Sample equally-sized chunks from a 1D tensor

ygabuev · January 24, 2020, 11:38am

I have a tensor X of size (T). What I need is to randomly sample N chunks from X of size t<T, so that the result is a tensor of size (N, t) and each “row” is originally contiguous in X. What is the best way to do that (without using for-loops, allocating memory when not needed, etc.)?

nairbv · January 24, 2020, 5:16pm

if you do something like:

a=torch.arange(20)
length=5
for x in range(10):
    index=random.randint(0, a.numel()-length)
    sample=a[index:index+length]
    print(sample)

each sample shares memory with a.

I’m not sure what you mean about no loops though, what do you want to do with each sample? If you need the results to be in a single tensor (e.g. with a batch dimension), it might be harder to share memory.

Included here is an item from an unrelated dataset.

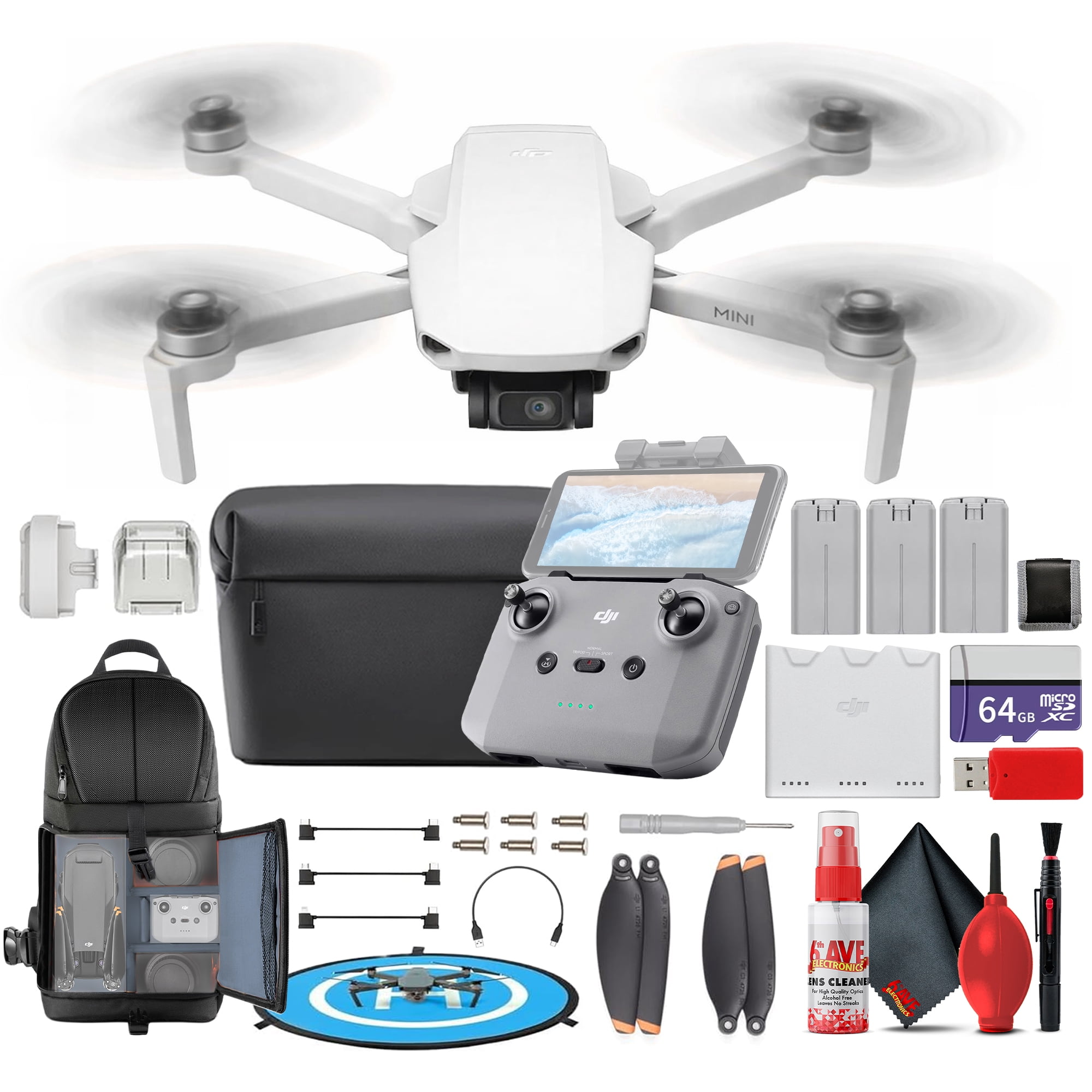 DJI Mini 4K Fly More Combo UHD Foldable Drone | Under 249 g | 12MP Camera, 3-Axis Gimbal, 31-Min Flight Time | For Beginners & Travel Photos + 64GB Card + BackPack + Landing Pad + Card Reader + More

ygabuev · January 24, 2020, 8:26pm

Hi @nairbv, currently I do that as follows:

source = np.random.randn(T)
samples = torch.empty(N, t)
inds = np.random.randint(0, T-t+1, N)
for i in range(N):
    ind = inds[i]
    samples[i] = torch.Tensor(source[ind:(ind+t)])

So, I am willing to take N*t space for samples tensor. The problem is that if N is large, the for-loop might take some time to execute (but I really am not sure whether it could be a problem. Maybe i’m too precautious). I also do not want to take O(Nt) memory for indices that I will use to extract samples from source.

I am wondering if there is a neat way to vectorize the operation of extracting the samples from source.

After that, each sample is passed through a neural net.